Start of RECORDS FOR THIS EXERCISE
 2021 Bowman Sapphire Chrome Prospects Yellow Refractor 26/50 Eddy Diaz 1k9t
End of RECORDS FOR THIS EXERCISE
Start of RECORDS FOR THIS EXERCISE
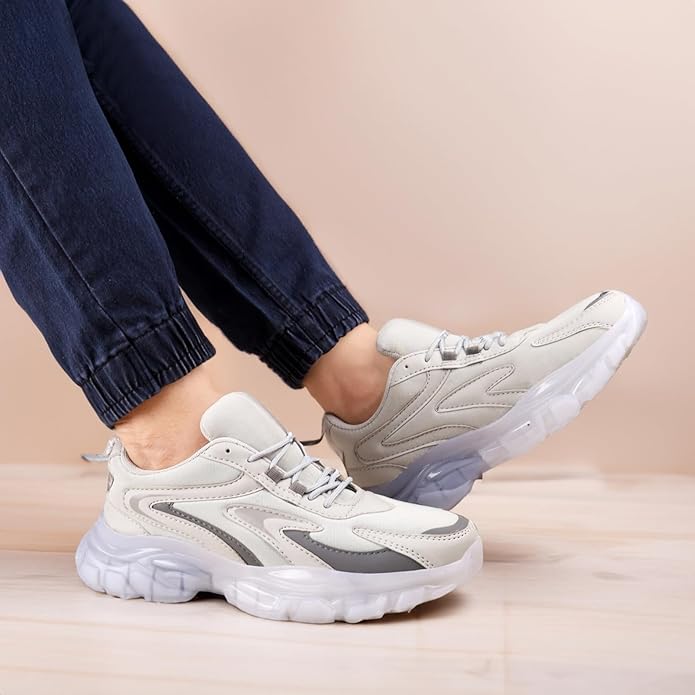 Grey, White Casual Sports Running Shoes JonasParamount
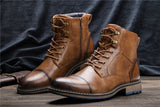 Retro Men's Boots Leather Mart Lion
End of RECORDS FOR THIS EXERCISE
Start of RECORDS FOR THIS EXERCISE
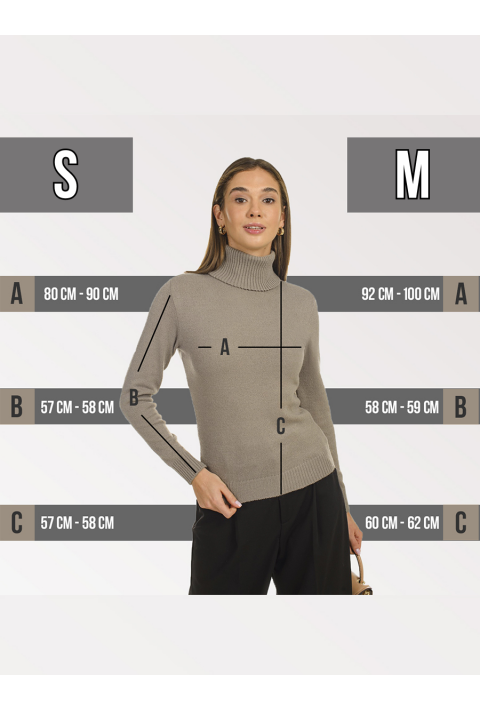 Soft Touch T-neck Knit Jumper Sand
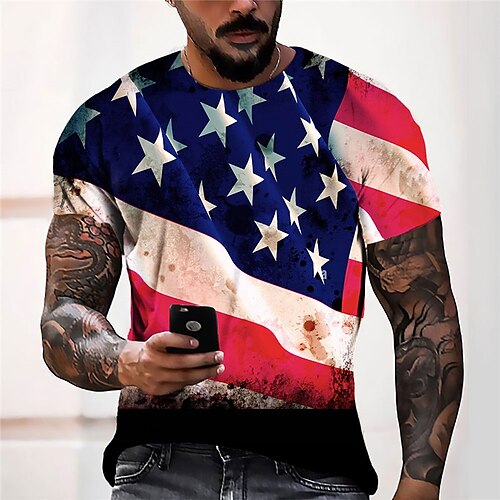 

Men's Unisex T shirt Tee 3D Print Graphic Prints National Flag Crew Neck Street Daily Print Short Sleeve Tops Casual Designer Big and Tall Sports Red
End of RECORDS FOR THIS EXERCISE
Look above for the line with "Soft Touch T-neck Knit Jumper Sand" and copy exactly from it through the line with "Men's Unisex T", both included. Omit the pictures.

▶ **THE COMPLETED TASK**:
 Soft Touch T-neck Knit Jumper Sand

Men's Unisex T shirt Tee 3D Print Graphic Prints National Flag Crew Neck Street Daily Print Short Sleeve Tops Casual Designer Big and Tall Sports Red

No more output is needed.